Of course, we’re reviewing the $19,994 base-model Eclipse GS here, not the full-zoot version with the V6. (Who knows why the press fleet’s full of four-banger cars this year?) We did drive the GT at a track event briefly, and the 101 extra horsepower and uprated suspension do make a difference.
In either iteration, the new Eclipse is a good-looking car. Where the last generation veered from the course set by the original and the second-gen “fast & furious” designs, the ’05 is a genuine spiritual successor, at least visually. (Honestly, we in the automotive journalists’ ranks were pleasantly surprised when the Eclipse turned out so close to the outrageous concept car we saw in Detroit a couple years back.) The rear haunches are muscular to the extreme; sexy and sensual. The front fascia evinces a look that’s genuinely new, evoking maybe one of the spaceships out of Star Wars. Details like the lighting fixtures are well done; the headlights with their delicate spectacle design are outdone only by the clear-lens projector-style tail lamps. Rims, even on this 4-banger GS, are blade-like 17-inchers.
Inside, the Eclipse has some attractive, space-age touches as well, although it doesn’t quite pull off the feeling of quality that the rest of the car does.

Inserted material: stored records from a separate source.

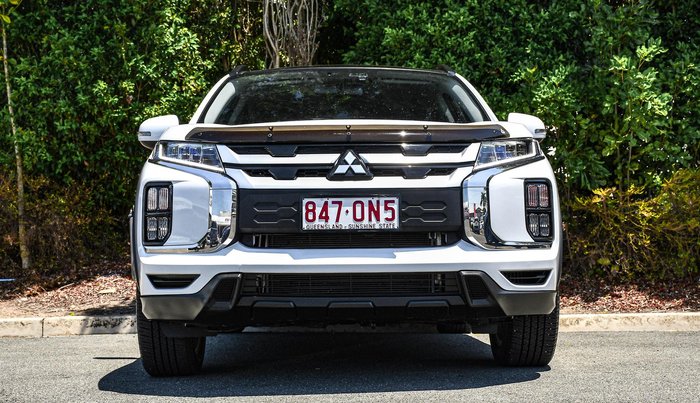 2024 Mitsubishi ASX Exceed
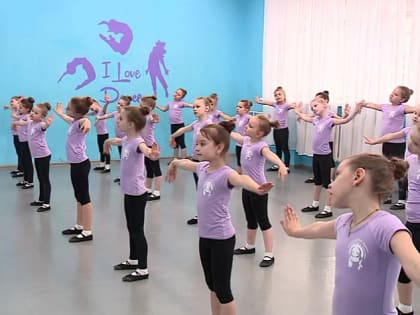 Своё 30-летие отмечает народный театр танца имени Розы Фибер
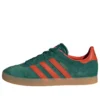 Adidas Gazelle “Collegiate Green Preloved Red”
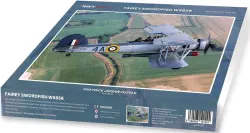Fairey Swordfish Plane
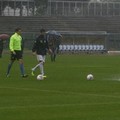 Calcio, tra Barletta e Pontedera vince…la pioggia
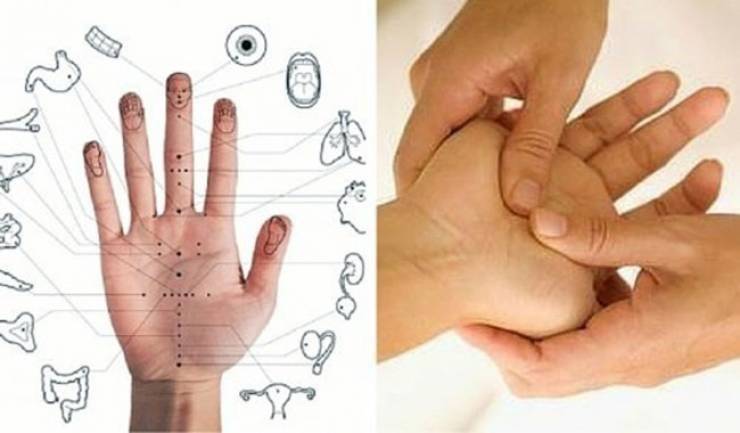 عالجوا أنفسكم من أي مرض بـ5 دقائق فقط!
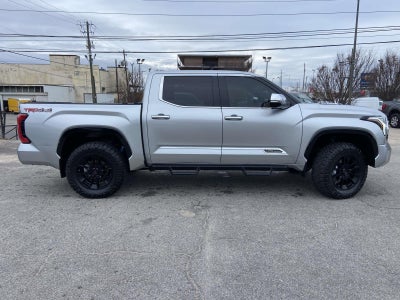 2022 Toyota Tundra 4WD 1794 Edition Hybrid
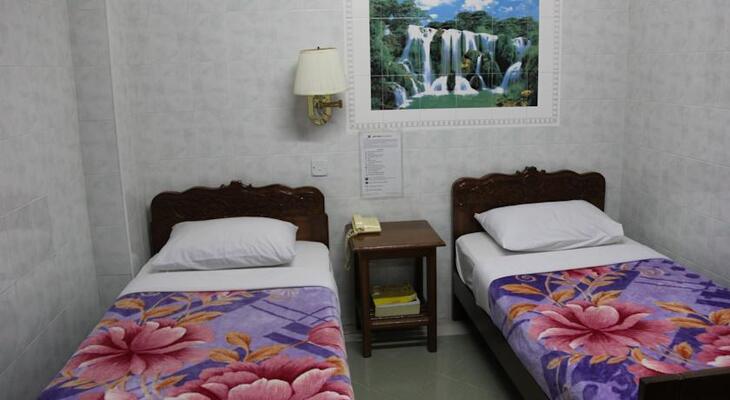 May Shan Hotel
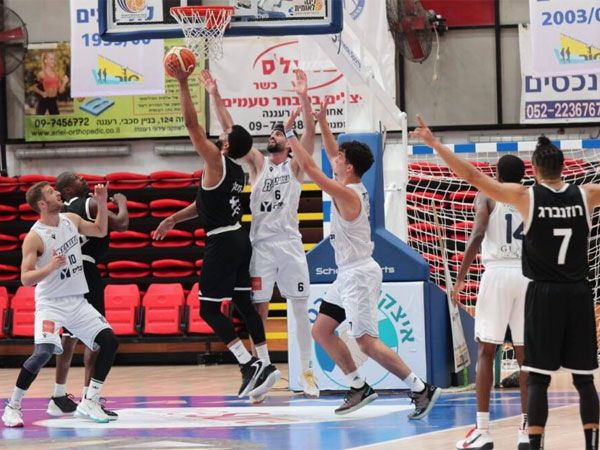 (קרדיט: איגוד הכדורסל, צילום: הראל שוורצברג)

There’s the center console and shifter area, with accents that mimic an aluminum-tube backbone running lengthwise through the car. The molded ‘Eclipse’ text running across the hatchback’s plastic cover over the trunk storage area–visible through the rear glass–is neat as well. But the stubborn HVAC vent mechanisms are poorly designed–one had already broken on our tester–and many materials feel substandard in the less-likely-to-be-touched areas. It’s obvious that Mitsubishi held the price down on this niche car by cutting costs here. Add that to the fact that the sport-coupe design requires an almost supine seating position and the poor visibility anywhere but up front, and you’d have to be a pretty dedicated Eclipse enthusiast to want to spend every commuting hour in here. Still, you’ll look good doing it.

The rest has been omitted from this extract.